Directions for this task: Print only the lines below from the one with "Dequay Shoulders" to the one with "Minik Ata'nın ölümü Balıkesir'i yasa boğdu", both included, exactly as they stand. Leave pictures out.

Material supplied:
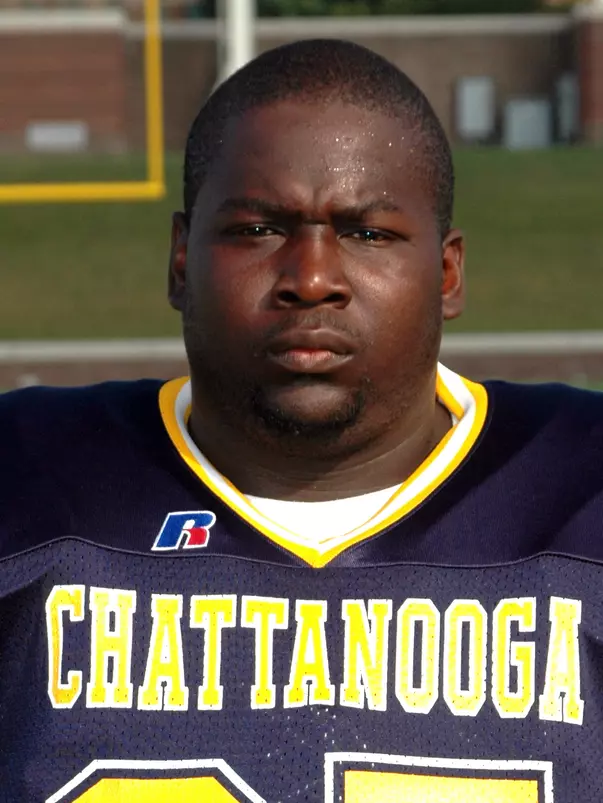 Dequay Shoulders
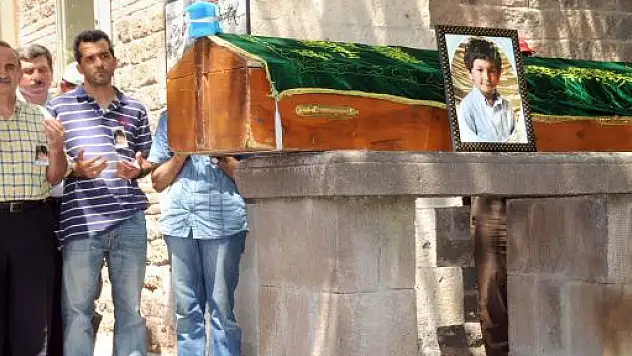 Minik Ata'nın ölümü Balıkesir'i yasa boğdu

--

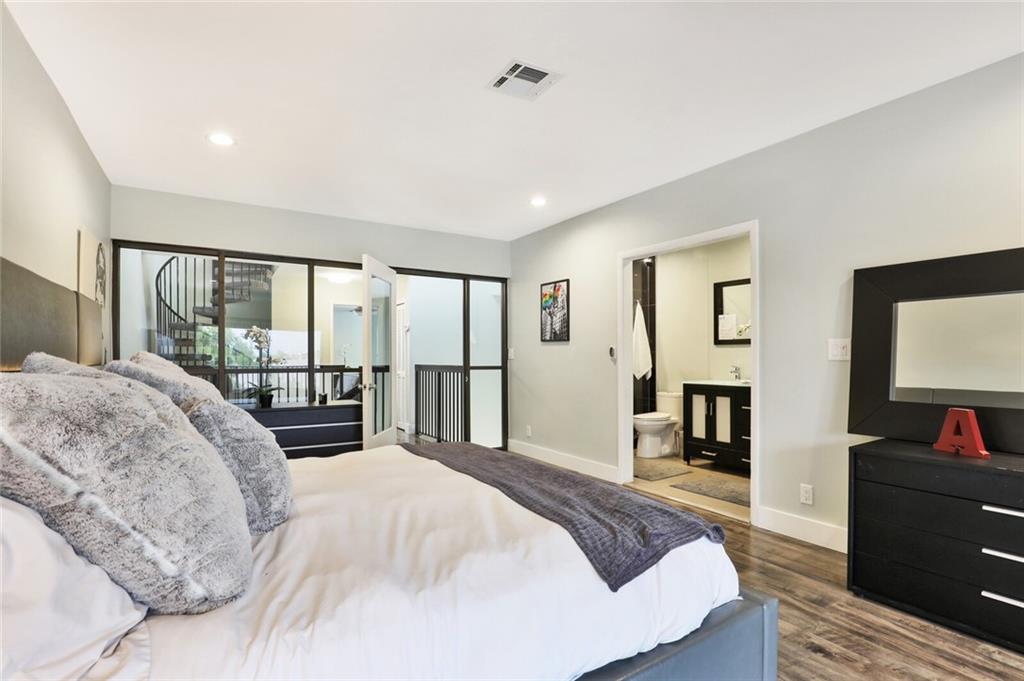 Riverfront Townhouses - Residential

Written response:
 Dequay Shoulders
 Minik Ata'nın ölümü Balıkesir'i yasa boğdu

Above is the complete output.